Third question: How does Change Congress avoid becoming like the Ron Paul campaign, well-funded by well-meaning people but unsupported by "boots on the ground"? By offering "ways to engage" on the web site. "The more you can get people writing as well as reading, you turn them into soldiers for this. When somebody starts writing about why somebody supports a candidate, they are no longer a supporter, they are invested." (Uh, tell that to the guys at Ron Paul Forums.)
Fourth: What will happen when national security comes up, since the information won't be as public as, say, information about where farm bill pork is going. Lessig: "I don't know." A ban on earmarks could start the ball rolling. "I don't actually know how we're going to deal with transparency in secret expenditures."
Fifth: A fan from the internet pledges to give money to a candidate who endorses the Lessig platform.
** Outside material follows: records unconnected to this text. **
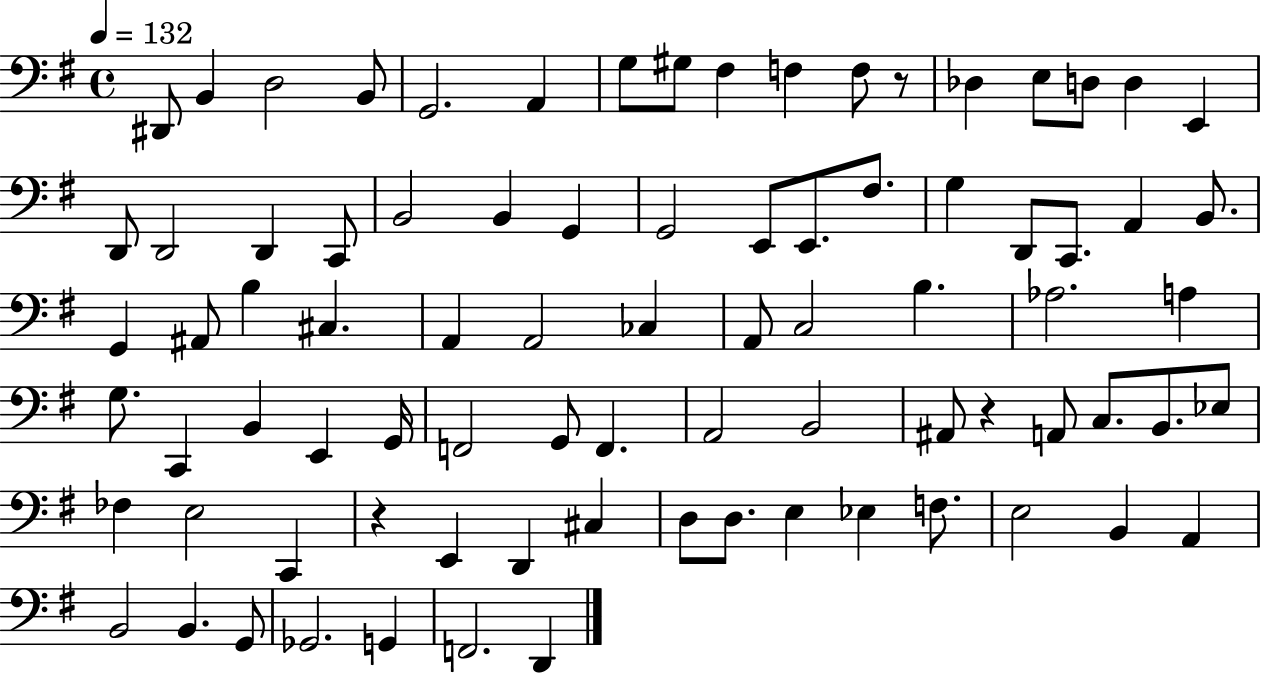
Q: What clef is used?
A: bass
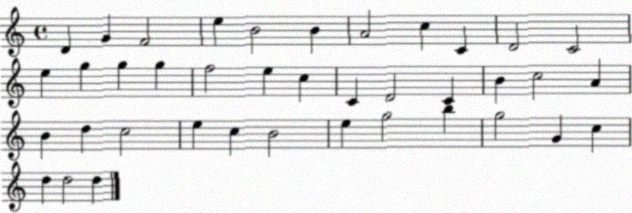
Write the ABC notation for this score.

X:1
T:Untitled
M:4/4
L:1/4
K:C
D G F2 e B2 B A2 c C D2 C2 e g g g f2 e c C D2 C B c2 A B d c2 e c B2 e g2 b g2 G c d d2 d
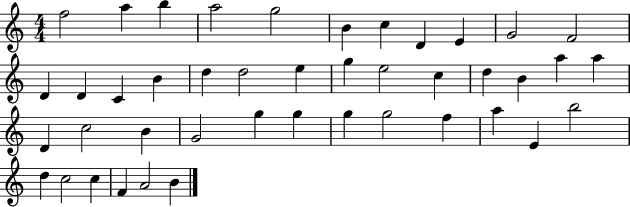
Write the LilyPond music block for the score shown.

The room laughs awkwardly. "Of course, I didn't pay you to say that," Lessig says.
Sixth: What about gerrymandering? It's a problem and we'll deal with it down the line. "Public financing is extremely close to getting enough support to pass, and that would be the first step."
Seventh: A pretty basic question about why, exactly, congressmen are going to sign onto this. Lessig expects it to work like Creative Commons worked: "First get them in the space, and then let's have an argument." And he is not concerned about presidential politics. "When Hillary Clinton says lobbyists and PAC money aren't relevant to her, I actually believe it, because there are too many other issues."
Eighth: In order to put the scare into incumbents, can Change Congress start a database of all its members and make it public? "We can and we have." Lessig is incredibly optimistic about how quickly congressmen will start quivering.
This is, by the way, the techiest lecture I've been to in a while. Blogger Matt Stoller asks a question and half the room murmurs. Someone down the row from me flips open his Dell notebook (a rare non-Macbook!) and explores Stoller's Wikipedia page.